Hayatı ve eserleri
Mustafa Kutlu 6 Mart 1947’de (güneş balık burcundayken) Erzincan’ın Ilıç ilçesine bağlı Kuruçay nahiyesinde dünyaya geldi. Çocukluğunun ilk yılları babasının memuriyeti dolayısıyla Türkiye’nin değişik yerlerinde geçti. Babası 1953’te emekliye ayrılınca ailece Erzincan’a yerleştiler. Edebiyata ilgisi (futbola, resme ve sinemaya olduğu gibi) çocukluk günlerinde başlar.
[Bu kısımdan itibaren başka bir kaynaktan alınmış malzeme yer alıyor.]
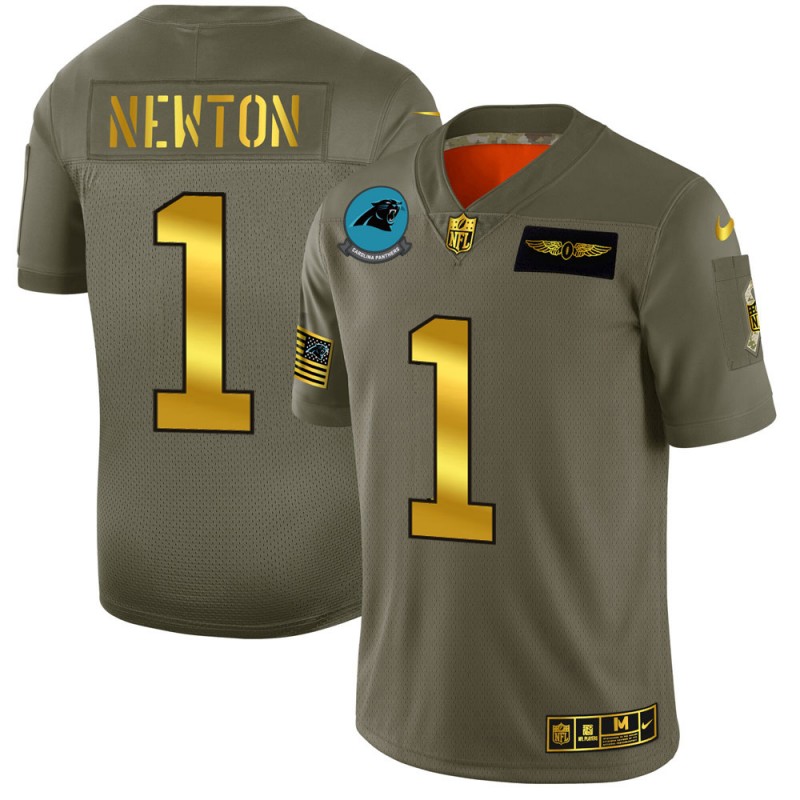 Men's Carolina Panthers #1 Cam Newton 2019 Olive/Gold Salute To Service Limited Stitched NFL Jersey
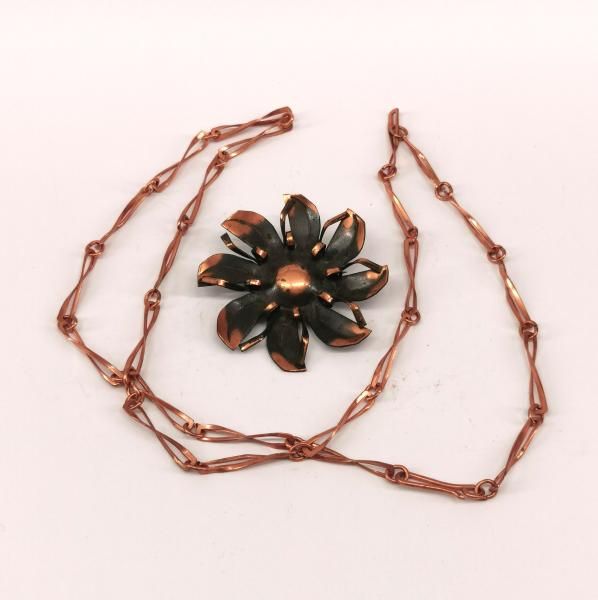 Kupfer Anhänger / Brosche Kette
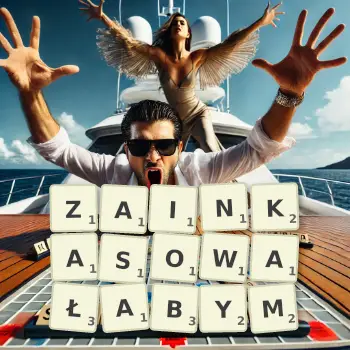 Kreatywna ilustracja do gry w Scrabble ze słowem ZAINKASOWAŁABYM ułożonym z płytek na planszy.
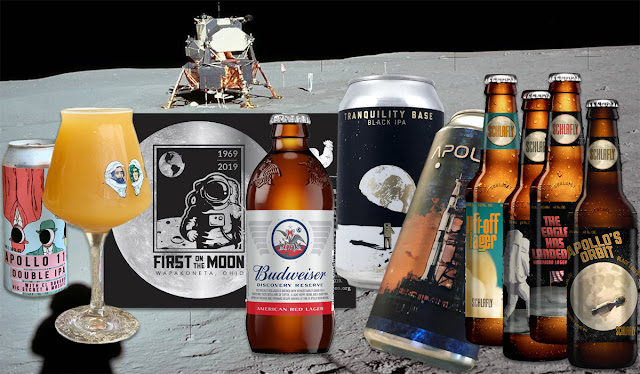 Composite image of beers celebrating the 50th anniversary of Apollo 11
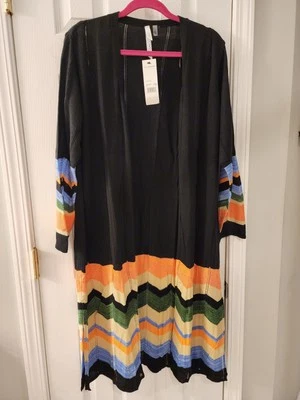 New York Collection Chevron Multicolor Striped Duster Size 2X - Image 1 of 4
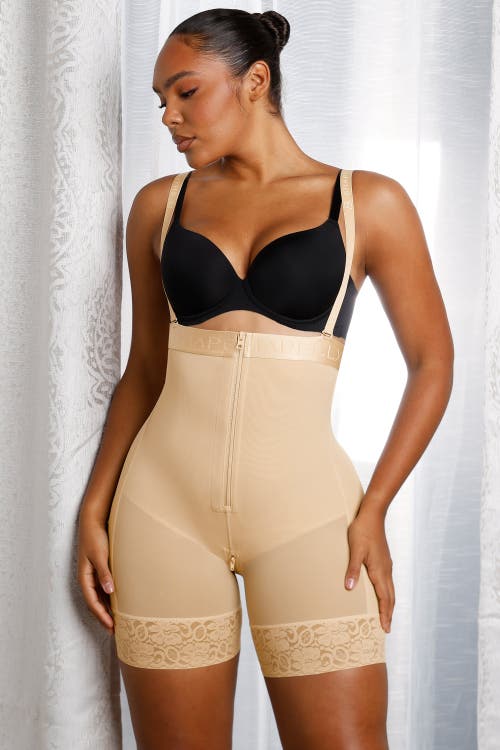 Shapellx Firm Tummy Compression Bodysuit Shaper With Butt Lifter In Cream Beige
Arkadaşlarıyla birlikte küçük bir kütüphane kurar, Karagöz oynatır, tiyatro oyunları oynarlar.
Mustafa Kutlu ortaokulda okurken babası vefat eder. Orta ve lise yılları genç Mustafa Kutlu’nun oldukça hareketli olduğu bir dönemdir. Mahalli kümede futbol bile oynar… 1963’te liseyi bitirir. Resme ilgisi ve yeteneği dolayısıyla, Güzel Sanatlar Akademisi’ne girmek ister. Fakat kayıt için okula gittiğinde okulun kendisine uygun bir yer olmadığına karar vererek kaydolmaktan vazgeçer. “Biz burada kayboluruz” diye düşünür. Erzurum’da yeni açılan Atatürk Üniversitesi’nin Edebiyat Bölümüne kayıt yaptırır. Burada okumuş olmasının ve burada kurduğu arkadaşlıkların hayatı ve yazarlığı üzerinde oldukça kalıcı etkileri olmuştur. Resim çalışmalarının da bir yandan sürdürmekle beraber, Kutlu’nun yolu artık yavaş yavaş çizilmektedir. Genç Mustafa Kutlu yazar olacaktır.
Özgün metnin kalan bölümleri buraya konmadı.